When T was four months old we found a nanny share with another homebirth family. They lived in our neighborhood, felt the same way we did about eating organic and plastic toys, were willing to host, and were willing to essentially subsidize some of our half of the nanny.
We interviewed two nannys and were afraid. One could not communicate during the interview and never held the children, the other actually told us that she was a nanny because she didn't know how to do anything else.
After a referral, we interviewed another woman. She was fantastic. Answered all the questions correctly, came prepared with all of the paperwork, she held the babies and could tell their separate personalities apart.
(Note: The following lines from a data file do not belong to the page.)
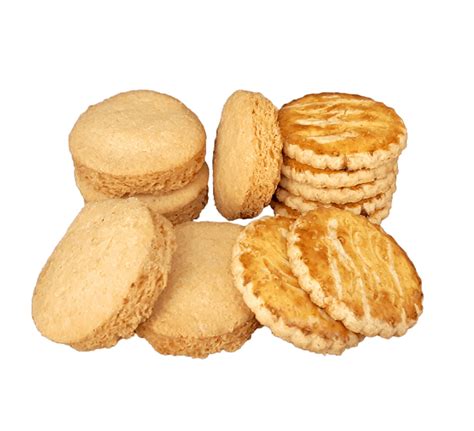 ASSORTIMENT DE GALETTES ET PALETS BRETONS Biscuiterie Joubard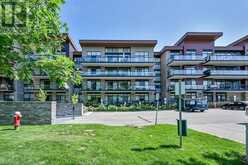 1575 Lakeshore Road W Unit# 304 Mississauga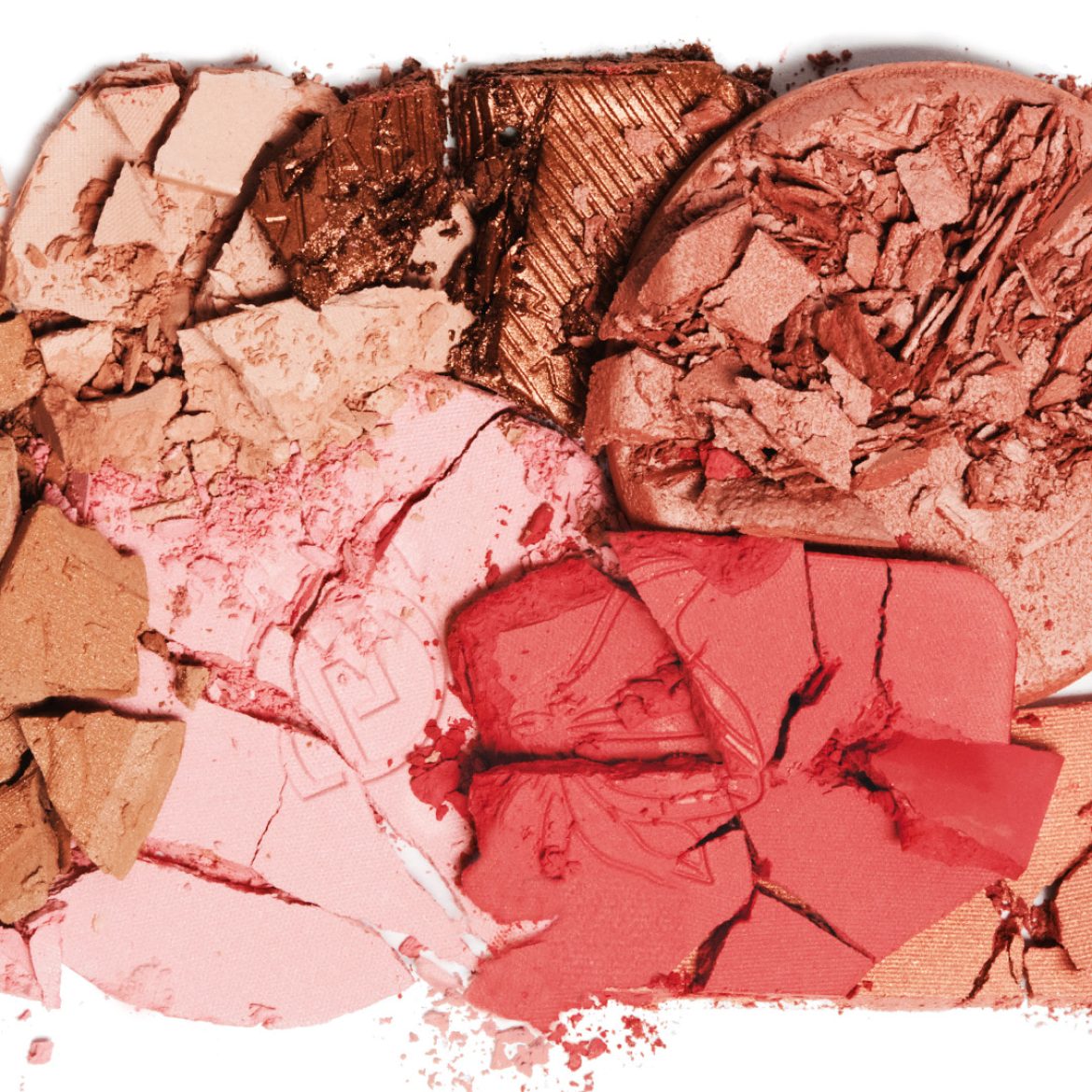 Dít zijn onze favoriete beautyproducten van dit moment (en ideaal als last minute Moederdagcadeau)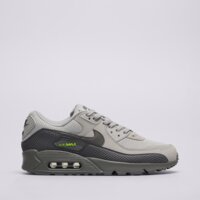 NIKE AIR MAX 90 PREMIUM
The only thing she required of us was that the babies be on the same nap schedule. Since T wasn't starting daycare for three more months, I thought it was fine - a lot changes in three months.
The other family was starting sooner and we would join when T was 7 months old.
To get both of us used to the nanny/being away from each other, I started dropping T off with her once a week for a few hours. On our first visit, the nanny asked when he napped. I said he would nap around 1. She said, "I'll just let him cry." I said I prefered that he not cry and she needed to comfort him if he was crying. She proceeded to argue with me saying to "ask my doctor," and "its good for him" Crying it out is one thing Tim and I feel very strongly about. We're decided to practice attachment parenting and that was part of the reason for hiring a nanny. I told her not to let him cry, but that I would get back to her about it.
THe other baby sleeps four hours a day (two two hour naps) and the nanny wanted T to do that too when he normally takes 1 1/2 hour of nap a day.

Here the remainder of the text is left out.